Republicans, who have much more control over the reclassification at the national level than Democrats, defend their cards as legal and fair, and give several reasons.
Kirk Smith, Republican chairman of the Lee County board of directors, said that “to say that only a person of a particular racial or ethnic group can represent only a person of the same racial or ethnic group is all the hallmarks of ethnocentric racism.” .”
In North Carolina and elsewhere, Republicans say their new maps are race-blind, meaning officials didn’t use racial data when designing the maps and therefore couldn’t draw racially discriminatory districts because they had no idea where communities of color were.
“During the 2011 reclassification process, lawmakers took race into account when drafting districts,” Ralph Hise, a Republican senator in North Carolina, said in a statement. Through a spokesperson, he declined to answer specific questions, citing pending lawsuits.
His statement continued: “We were subsequently charged with considering race and ordered to sign new districts. So during this process, lawmakers have not used racial data when drawing districts, and we are now being sued for not taking race into account.”

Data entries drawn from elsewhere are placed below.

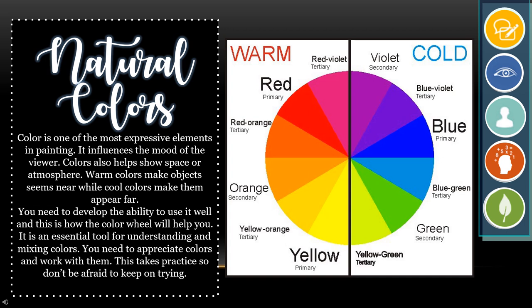Color is one of the most expressive elements in painting. It influences the mood of the viewer. Colors also help show space or atmosphere. Warm colors make objects seem near, while cool colors make them appear far. You need to develop the ability to use color well. This is how the color wheel will help you — it is an essential tool for understanding and mixing colors. You need to appreciate colors and work with them. This takes practice, so don't be afraid to keep on trying.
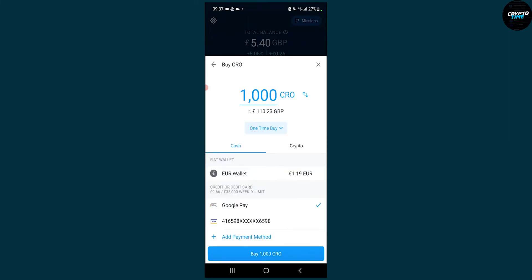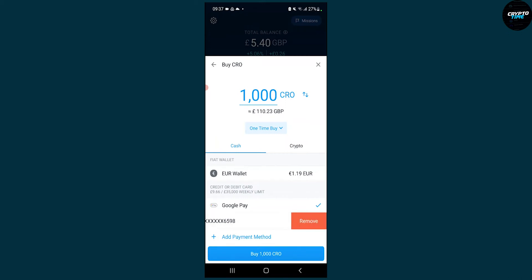Now if you click delete, we can see that we deleted the other card. You can do this with any card. You can scroll to the right, but you can scroll to the left and then just click Remove, and that will remove your credit or debit card on the Crypto.com app.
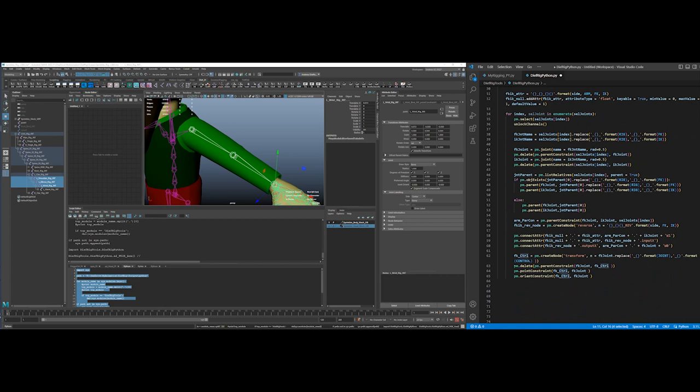Then I'm going to parent constrain it and delete it so it snaps to that place. Then I'm going to create a point and orient constraint on that joint. So generally speaking, with FK controls you're only using the orient, but I have a point there in case I wanted to do something extra with it. But having it separate, I think works better for these. And there's a real reason, and now I don't remember why.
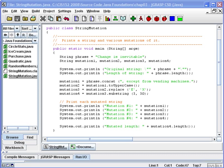We work with the String class so often that we oftentimes think of a string as being a primitive data type, but it's not. String is really what we call a wrapper class, which means that it takes a primitive data type, in this case char, and wraps some code around it.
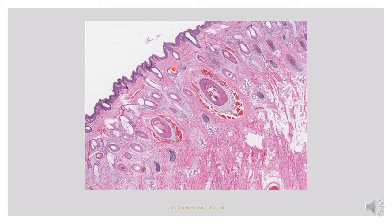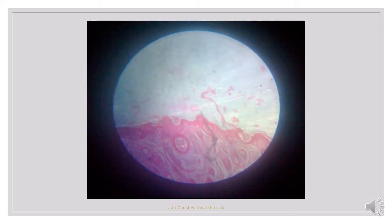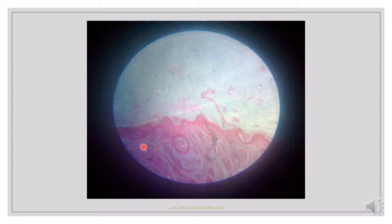Here we have the same situation. There is no part of the slide that is devoid of hair follicles. You can see hair follicles here, here, and even in this part. So this slide also shows just the skin side of the lip.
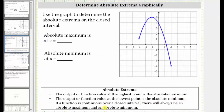If a function is continuous over a closed interval like we have here, there will always be an absolute maximum and an absolute minimum. To determine the absolute maximum, we locate the highest point of the function over this closed interval, which is this point here. Notice how the ordered pair for this point is negative one comma five.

In other states, mapmakers have refused to add new districts with a majority of people of color, even though minority populations have skyrocketed. In Texas, where the population has increased by four million since the 2010 reclassification cycle, people of color are responsible for more than 95 percent of the growth, but the state legislature has won two new congressional seats with a majority of white populations.
And in states like Alabama and South Carolina, Republican mappers continue a decades-long tradition of packing nearly all blacks of voting age into one congressional district, despite voter arguments to create two separate districts. In Louisiana, Governor John Bel Edwards, a Democrat, said Thursday that the Republican-controlled state legislature should draw a second majority: the Black House district.